I just discovered Kiwi at a local Asian market and I am totally blown away and impressed.

They have got to be the most amazing knife I have ever put in my hand- for the price.

Though there is a number of style knives to choose from, I just picked up the larger size cleaver (13.5"x4") for $4.95 and the 11"x2" blunt end chefs/vegetable/nakari style knife for a whopping $3.50.

These things are RAZOR sharp, easy to sharpen (although not really necessary, for the price these make the perfect 'throw away"), and if you've never used one, I promise you will be surprised and impressed.

Try these knives out. Get 15 bucks together, go to your local Asian (Thai, specifically) market and get the entire line. Do it. Now.

I can't say enough good things about these knives. If you happen to live in a place that doesn't have an Asian market, you can get em from wokshop.com, where they cost a bit more than if you were to get them locally, but you could seriously order everything they have for about fifty bucks- and it would be worth every red cent.

Besides being incredibly sharp, thin, light and nimble feeling (even the cleaver is nimble feeling. I had no trouble whatsoever tearing through a few pounds of onions and mushrooms with them [yeah, I know, using a meat cleaver to chop veggies, but that is the point i guess] without any strain on my wrist). I enjoy prep work again.

If you haven't seen these before and you work in a professional kitchen, go get one, get blown away, save some money, make veggies tremble and don't be afraid to set down your knife at work again (if someone takes/breaks it, its all good, you have a backup in the roll because it only cost three bucks...so you bought a few of them, lol).

OK...enough of this rant. I haven't even been around this forum in a while, I've been so genuinely excited though, I had to make a post to spread the word.

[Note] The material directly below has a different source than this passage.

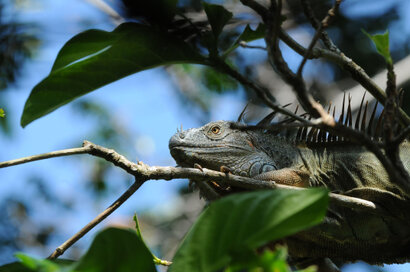 Iguane vert (Iguane commun) - Iguana iguana (30).jpg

A million (probably more) Thai chefs cant be wrong.


----------



## boar_d_laze

Easy to sharpen, just as easy to dull. Better F&F than you'd expect at the price -- but not by much. An entertaining and useful reminder that sharp beats heavy about 99.44% of the time. Still, there are plenty of nicely made knives which can be made even sharper and have far better edge holding and ergonomic characteristics to boot.
_*
Bottom line:*_ Fun toys, but most good cooks want something better in their every-day kit.

BDL


----------



## ez13

Kiwi's are definitely worth the the purchase  to have in your collection for the price. Dont think they are toys, but I wouldn't knock out 2 hours of prep with em or any kind of meat fabrication besides cutting some chicken breasts. I have used one as a line knife during service on an occasion or 3 because they can take a fall and be left wet and dirty when busy. I dont know about sharpening them though and of course there are nicer knives that hold better edges.... but Kiwi's are like 4 dollars.


----------



## kingofkings

Anyone know if these are readily available in the UK? And if so, what sort of price they are? The kitchen I work in supplies german profile knives, but you can take your own in. But they are likely to go missing, so I don't want to take anything I value in. If I can pick up one of these for like an hours wages I don't really mind if I need to buy one a week, as long as they come sharp and stay sharp with a honing rod for long enough


----------



## ez13

You can order them here - http://www.wokshop.com/store/search.php?list=subcat&subcat=38 , or try and find them at any Asian Market/Store in UK. I wouldnt recommend relying on these as your main professional knife though and they arent really a knife that takes a honing. If you need to do simple stuff here and there its a good light disposable knife to have in your kit.


----------



## chefwill

I have discovered a site called cheffonade.co.uk that sells a range of these knives in the UK. Also a few are on Amazon but they are more expensive.  I love these knives and have used them at work for over 2 years. As long as you keep them sharp on your steel they are fine.  Happy chopping!


----------



## ajithomasc

I have been using since jan-2015, its a better knife for me for home cook, but unfortunately we cannot cut bones. Its available in Chinese supermarket (behind the Red Cross) Upper Riccarton Christchurch, New Zealand, cost $5.85, $7.85


----------



## knifeforhire

Kom Kom knives are a slightly higher grade from the same company that makes the Kiwis. I have also found the Penguin brand Thai knives to be a little better grade of cutlery than Kiwi. But that doesn't change the fact that the majority of street food venders are using Kiwi. As in most parts of the world, Thai knife handling skills tops fancy cutlery every time.


----------